Important choices for City Council and mayoral races are made long before Election Day.

Daily Editorial Board

Voter turnout in Minnesota this past November for the presidential election was quite high — approaching 76 percent of eligible voters, the highest in the nation.  However, even though national elections draw considerably more media attention, it is the local elections that impact day-to-day life. For example, the development in Dinkytown, regardless of one’s opinion on the matter, is city zoning and economic conditions that precipitate such events much more than which major political party is in control of Congress or the White House. Yet, voter turnout in Minneapolis’ local elections is significantly lower. When so many factors that directly impact day-to-day life are dependent on local elected officials, including zoning, parking, transportation and even what time the bars close, why is turnout so low?

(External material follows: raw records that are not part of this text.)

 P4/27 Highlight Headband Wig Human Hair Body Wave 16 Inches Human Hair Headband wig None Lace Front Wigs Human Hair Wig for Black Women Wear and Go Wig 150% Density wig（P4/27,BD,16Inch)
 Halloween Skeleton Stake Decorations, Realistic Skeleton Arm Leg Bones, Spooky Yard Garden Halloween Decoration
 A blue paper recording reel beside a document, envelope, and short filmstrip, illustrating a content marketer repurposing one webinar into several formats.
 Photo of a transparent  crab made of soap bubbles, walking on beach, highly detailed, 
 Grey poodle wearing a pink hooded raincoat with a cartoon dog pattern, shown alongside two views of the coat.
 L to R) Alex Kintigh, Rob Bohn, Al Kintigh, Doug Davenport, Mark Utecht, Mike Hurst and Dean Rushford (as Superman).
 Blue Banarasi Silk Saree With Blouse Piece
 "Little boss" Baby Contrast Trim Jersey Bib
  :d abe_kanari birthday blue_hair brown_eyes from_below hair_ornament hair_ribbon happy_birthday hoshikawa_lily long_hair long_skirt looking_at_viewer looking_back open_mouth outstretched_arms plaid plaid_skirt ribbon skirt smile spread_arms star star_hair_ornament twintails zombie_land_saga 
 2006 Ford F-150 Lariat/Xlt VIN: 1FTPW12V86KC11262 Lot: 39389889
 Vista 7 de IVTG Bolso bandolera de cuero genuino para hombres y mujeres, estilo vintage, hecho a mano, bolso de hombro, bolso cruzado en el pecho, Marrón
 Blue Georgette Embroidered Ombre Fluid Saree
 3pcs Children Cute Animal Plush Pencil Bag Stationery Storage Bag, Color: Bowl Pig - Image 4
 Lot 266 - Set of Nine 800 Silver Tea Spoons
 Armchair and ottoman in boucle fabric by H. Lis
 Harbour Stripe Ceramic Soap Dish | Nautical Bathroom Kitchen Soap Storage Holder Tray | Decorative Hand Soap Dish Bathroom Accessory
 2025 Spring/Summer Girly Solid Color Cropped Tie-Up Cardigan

One possible answer lies in the heavily Democratic-leaning politicians of Minneapolis. By the time a Democrat ends up on the ballot, they are likely to be elected, regardless of voter turnout. Voters that turn out only on Election Day have relatively little say as the candidates have been chosen long beforehand. A common sentiment regarding voting on Election Day is the notion that voters are casting their ballot for the lesser of two evils or against one of the candidates. But there is a way to fix this: Get involved in the process that puts candidates on the ballot. The April 16 DFL caucuses and endorsement conventions will likely decide who the next City Council member is in Ward 3 (encompassing Dinkytown) and the next mayor. The Ward 3 convention will occur May 4, and the city convention will occur June 15. To truly have any say in which candidate will be your City Council member or mayor, become a delegate to the conventions at the party caucus and make your voice heard.